Parents: (child # of) (father and mother with their dates / places) [n.b. some like father & mother on separate lines; I actually find it saves space & usually fits together fine on one line]
# (include date, place, name, dates of spouse, their parents, number of children with spouse)
# (I put in "long term liaisons" particularly if there are known children and / or it's historically interesting :))
Children of (name) and (spouse1): in date order, oldest to youngest (n.b. you'd be surprised to see how often that's not always the case when copying from a source document)
# full name, dates in parentheses, place, who married. More details should go in a footnote perhaps.
# note that the # sign makes a nice neat numbered list. You can also apply Wikimedia formatting after it's typed in.
Children of (name) and (spouse2):
n.b. this is a tad controversial: some prefer the spouse and children together rather than wives together / children together. Obviously I seem to prefer a list of wives and then a list of children. :)
# [fn1] for instance to refer someone to a footnoted reference on source data; otherwise I assume it comes from the more general weblink
Sections are made by this:
= very bold =
== not quite as bold == what I use most often
=== boldish ===
Soooo -- my section after the Vitals is usually (but not always!)
That's where I love getting unique, including with the name of the section. Often research digs up something really cool about an ancestor, my own personal tree favorite being "Abijah Ross and the Bear Dogs Treeing a Wildcat." This is the telling anecdote that gives you the flavor of a man or woman.
I mean, wouldn't you read on if you saw:
"Red Mary was said to have 25 husbands. In truth she was tried for the murder attempt of one of them, but acquitted (see below)."
Optional but frequently used other sections include:
Biographical Summary (I have this as optional because unfortunately (or not) we have plenty of obscure ancestors we can only build the biography *after* we get the facts such as events into the profile).
Immigration (to dig up the ancestral embarkation point / ship and actual data on it? Are you kidding? So important!)
Wills (a gold mine)
Quotes (if they said something cool)
Quotations about (hagiography lives!)
Events (nice neat list using the asterik * which starts a new line)
Grave Inscriptions (a tear jerker)
Career (can be as short as "was made Freeman and might be covered in events).
*Not* so optional are your sources! I feel pretty strongly about this. If there isn't a link how would I know if you're making it up? Of course if you have documents such as census attached I'll see that -- but it doesn't hurt to note that the census is attached (I cover that in "events" usually as it is documenting "residence/ year" most of all).
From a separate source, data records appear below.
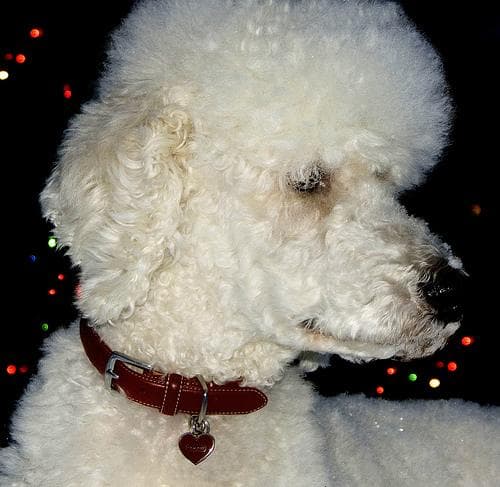 Standard Poodle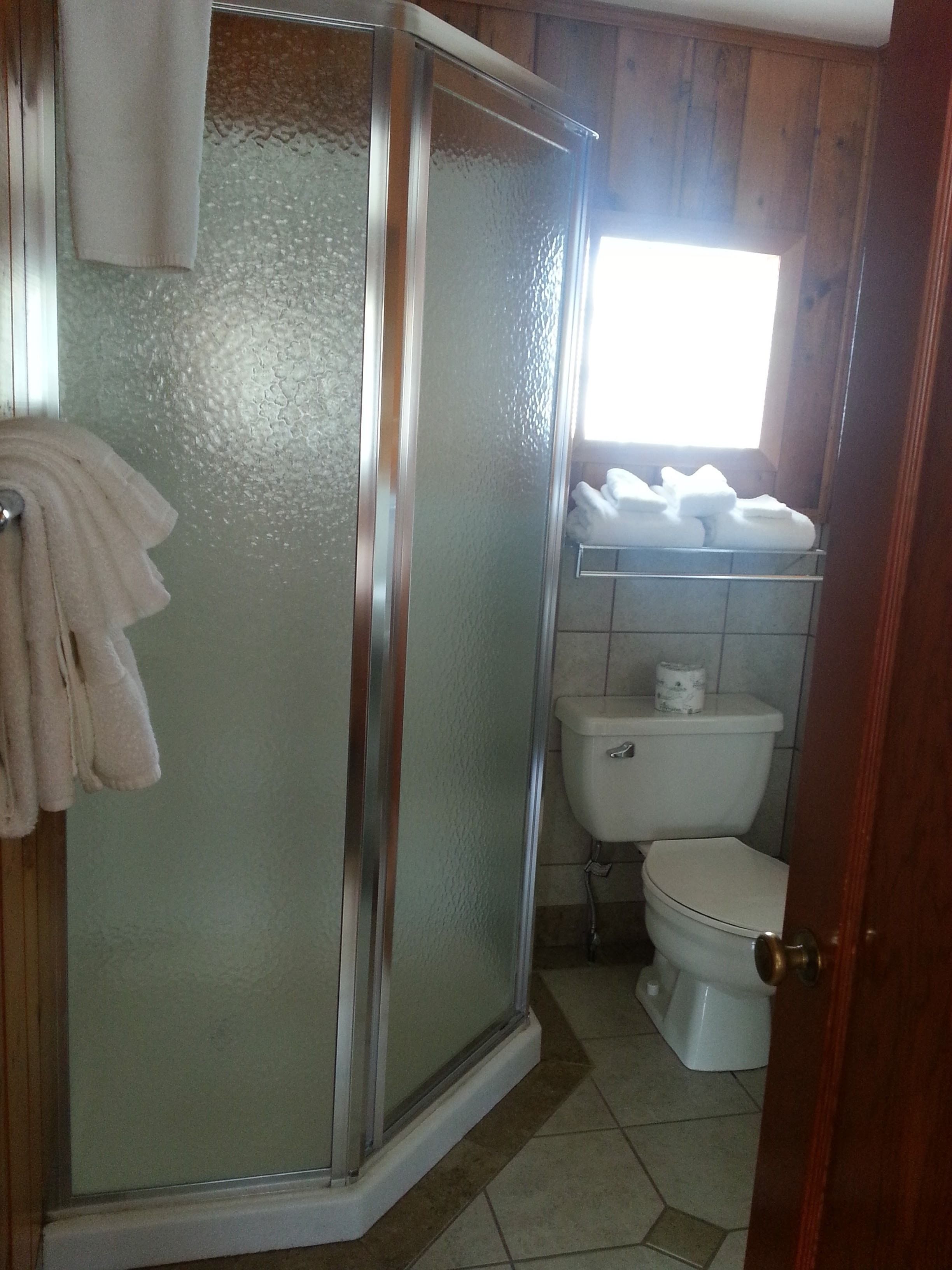 A bathroom with a glass shower enclosure, a toilet, and a window.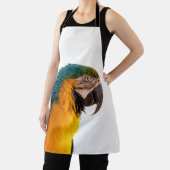 Parrot macaw schort (Insitu)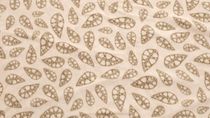 Fleece Carpet Klondike Twin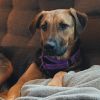Penny photo 4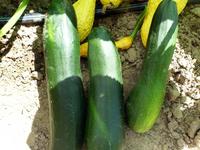 SESE: Squash: Dark Green Zucchini Seeds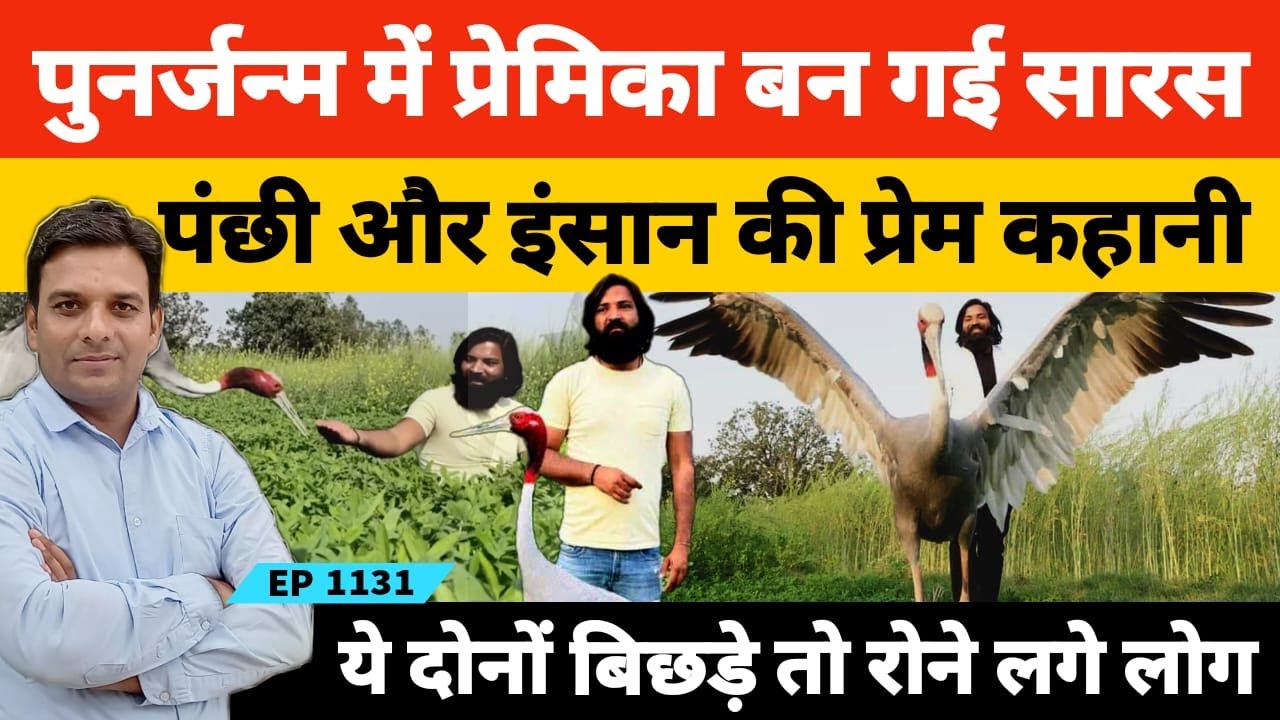 इंसान और पंक्षी की अजीब प्रेम कहानी, जब दोनों अलग हुए तो रोने लगे लोग | Arif Sarus ka dost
Sources can be done in a variety of ways and it's all good. But I like breaking it out sometimes.
* web page, aliased or bold
* I also like to put in links to "official" websites, youtube search results, google / flkr image search results, etc. The interweb is hyperlinked & dimensional, let's use that
* I also like *place* orientation and there some good websites on places - towns, houses, histories, etc.
particularly important for book references. I copy & paste a paragrph from a google book / archives.org book result for instance for the bio section and give the full reference here.
how is this different from links? Wikipedia could be your link, and within the Wiki article are citations. So you copy & paste that source info.
The devil is in the details and footnotes are the place for the devil! They're not nice & easy (yet) like Wikipedia but doesn't mean they don't come up and shouldn't be used.